Create the second Job - 7.0

Big Data Job Examples

author
Talend Documentation Team
EnrichVersion
7.0
EnrichProdName
Talend Big Data
Talend Big Data Platform
Talend Data Fabric
Talend Open Studio for Big Data
Talend Real-Time Big Data Platform
task
Design and Development > Designing Jobs
Design and Development > Designing Jobs > Hadoop distributions
Design and Development > Designing Jobs > Job Frameworks > Standard
EnrichPlatform
Talend Studio
Follow these steps to create the second Job, which will upload the access log file to the HCatalog:

Procedure

  1. Create a new Job and name it B_HCatalog_Load to identify its role and execution order among the example Jobs.
  2. From the Palette, drop a tApacheLogInput, a tFilterRow, a tHCatalogOutput, and a tLogRow component onto the design workspace.
  3. Connect the tApacheLogInput component to the tFilterRow component using a Row > Main connection, and then connect the tFilterRow component to the tHCatalogOutput component using a Row > Filter connection.

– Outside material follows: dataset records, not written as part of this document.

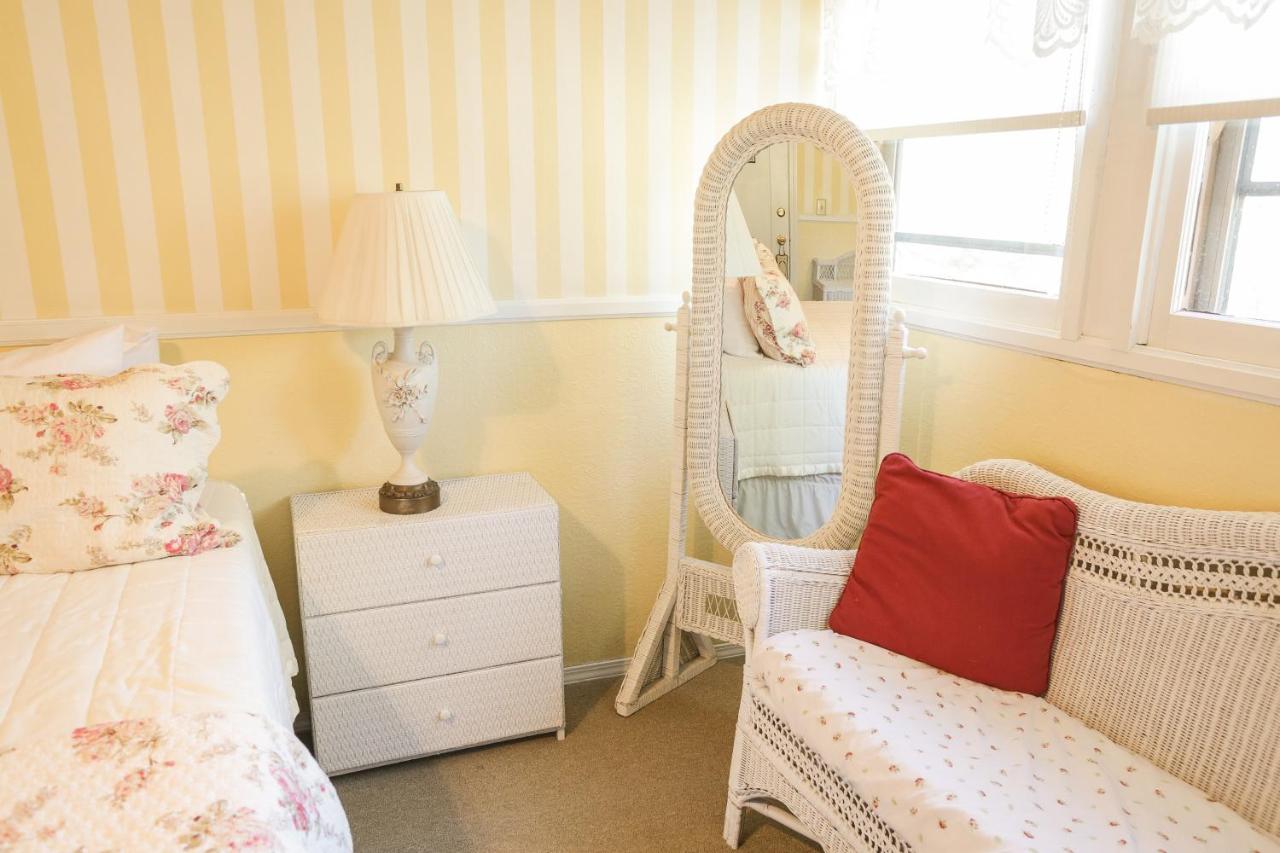 | Gold Mountain Manor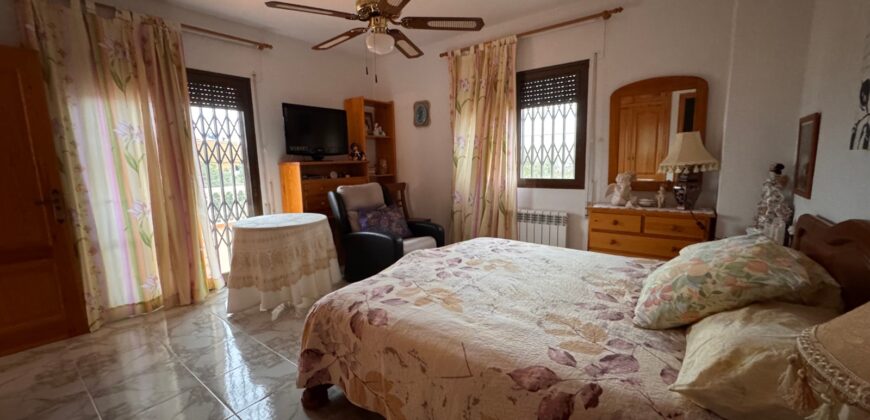 CHALET CON 7757 M² DE PARCELA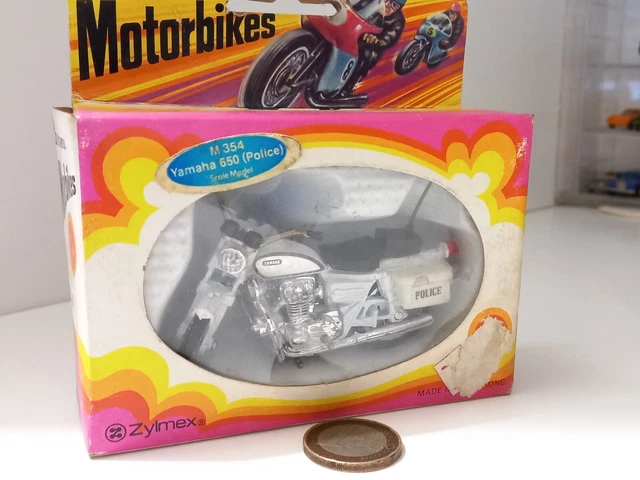 LG2646 ONYX Racing Motorbikes M005 1/24 1:24 Moto Suzuki RGV 500 4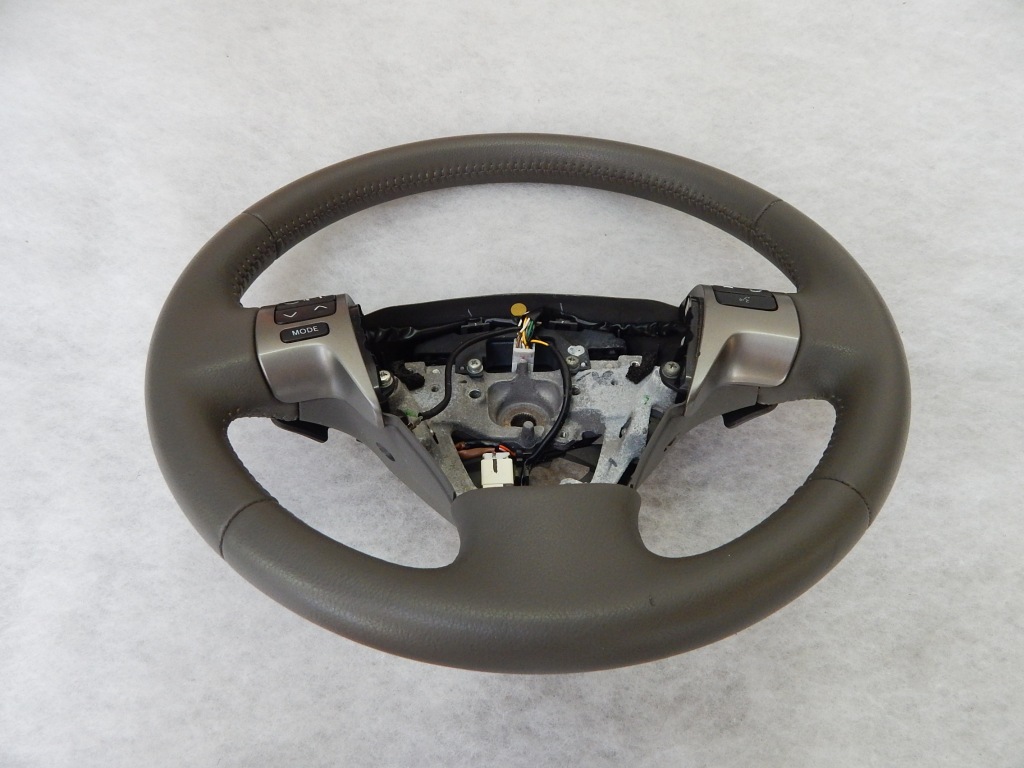 фото №7, Toyota auris - повітропровід шкіра пелюстки перемикання bdb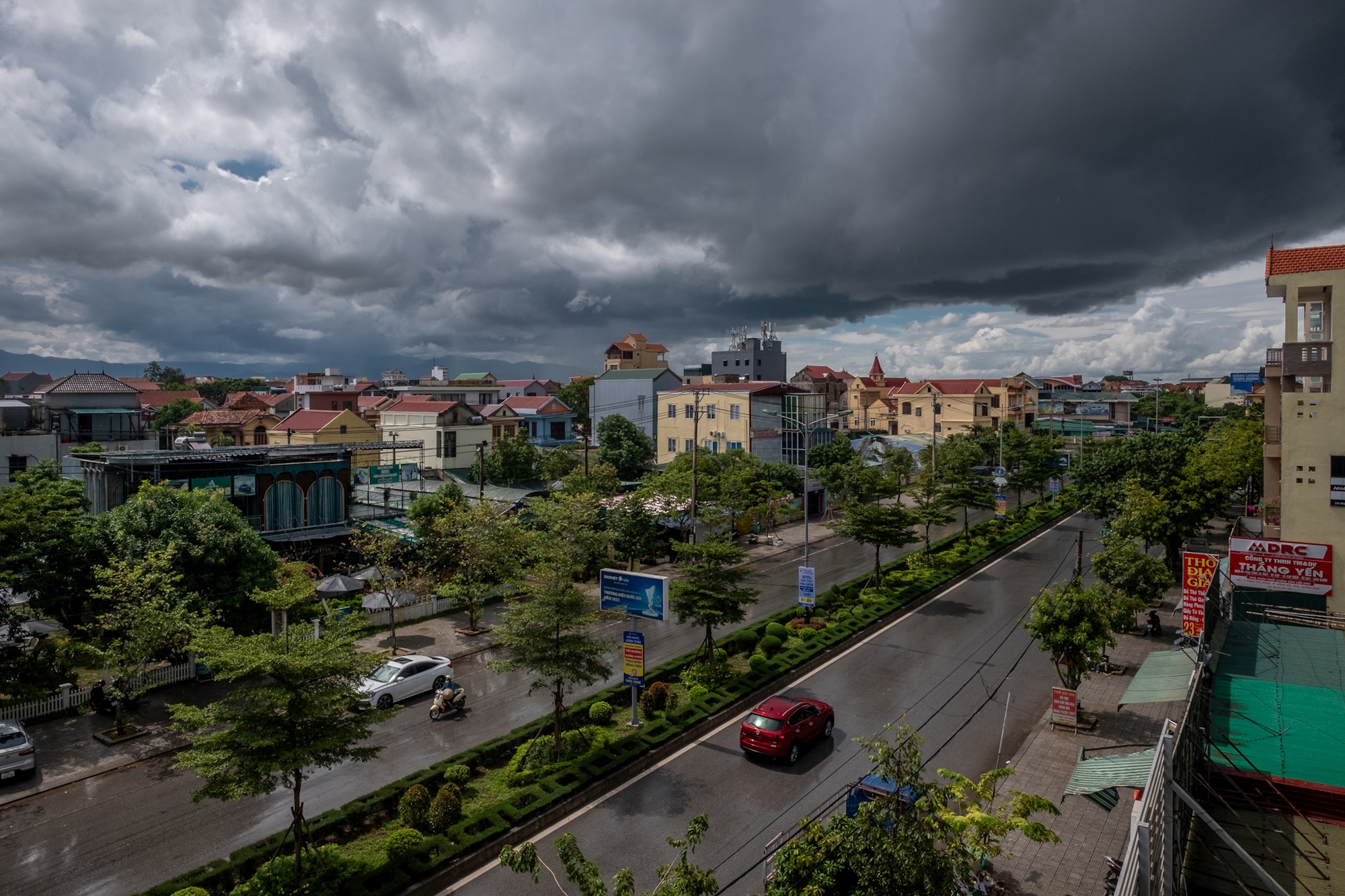 Bầu trời bỗng tối sầm giữa trưa cùng mây đen cuồn cuộn kéo đến, Quảng Bình tiếp tục hứng mưa to- Ảnh 9.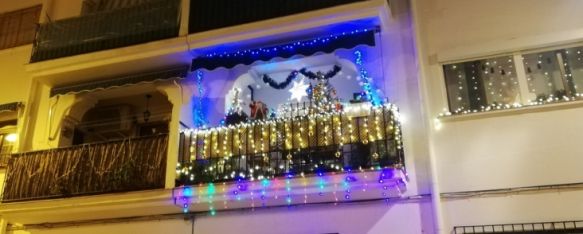 La Harinera elige el mejor balcón de la barriada con decoración navideña, Una joven pareja es la ganadora de la tercera edición del concurso impulsado por la Asociación de Vecinos Juan de la Rosa, 07 Jan 2022 - 11:25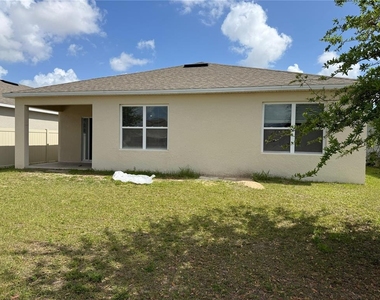 521 Nicken Grove - Photo Thumbnail 14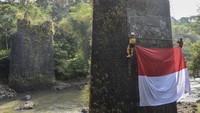 Selain itu, sekaligus mengenang jasa pahlawan yang menghadang penjajah pada Agresi Militer Belanda I, 7 Agustus 1947 di jembatan tersebut. ANTARA FOTO/ADENG BUSTOMI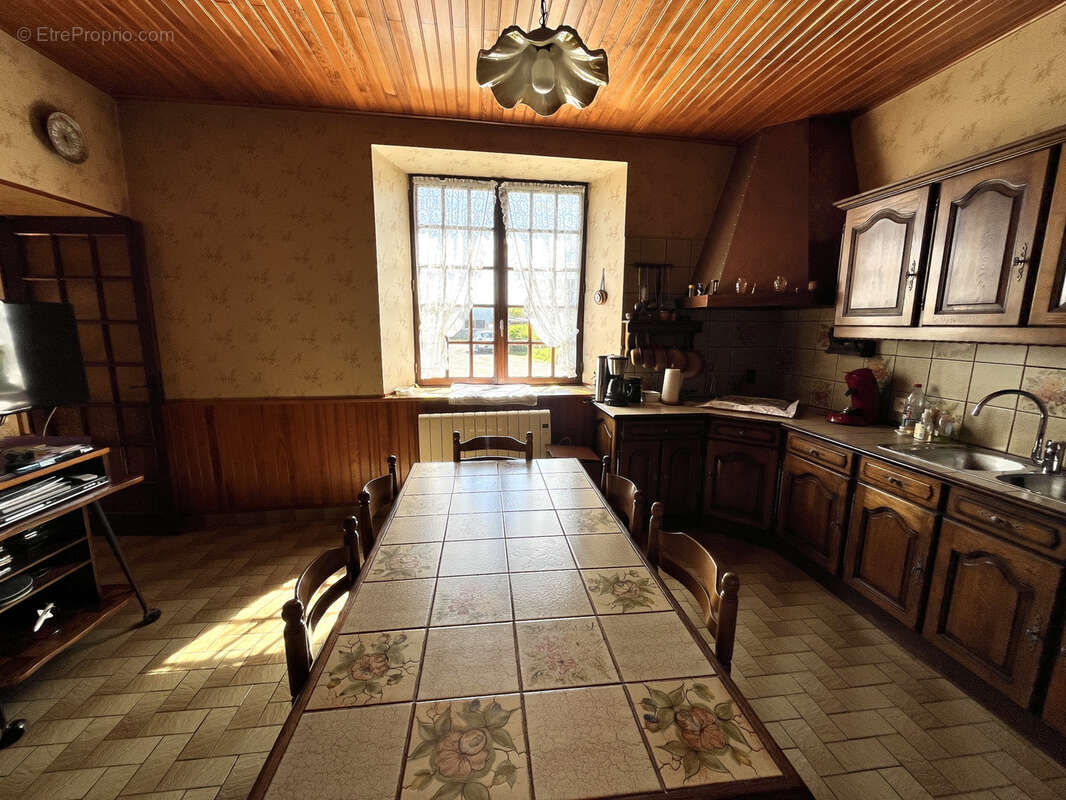 Maison à MONTBOUY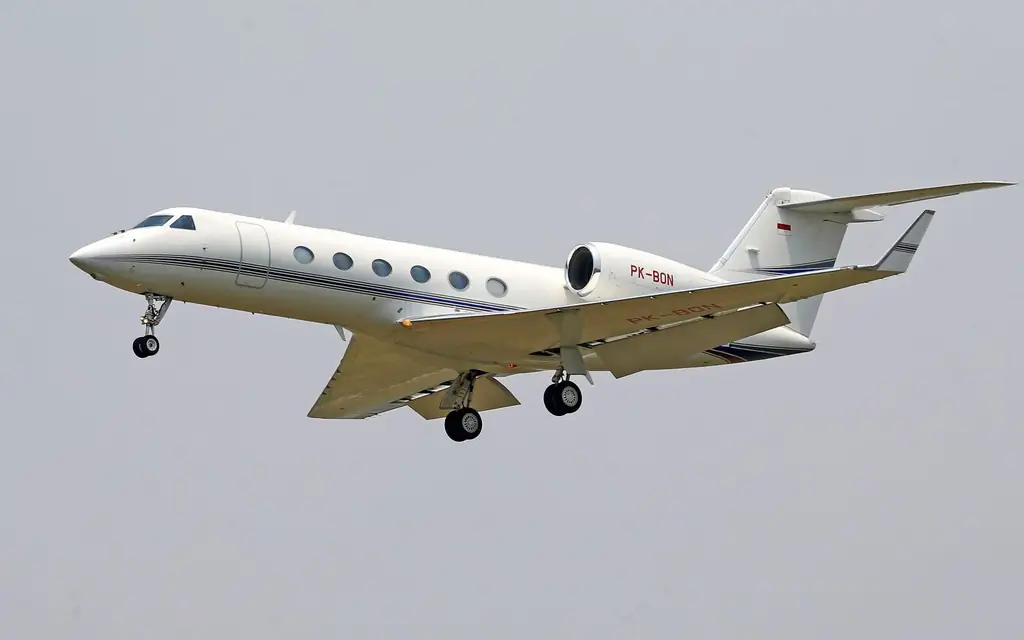 Heavy and long-range jets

    This data flow will load the log file to be analyzed to the HCatalog database, with any records having the error code of "301" removed.

  4. Connect the tFilterRow component to the tLogRow component using a Row > Reject connection.

    This flow will print the records with the error code of "301" on the console.

  5. Label these components to better identify their functionality.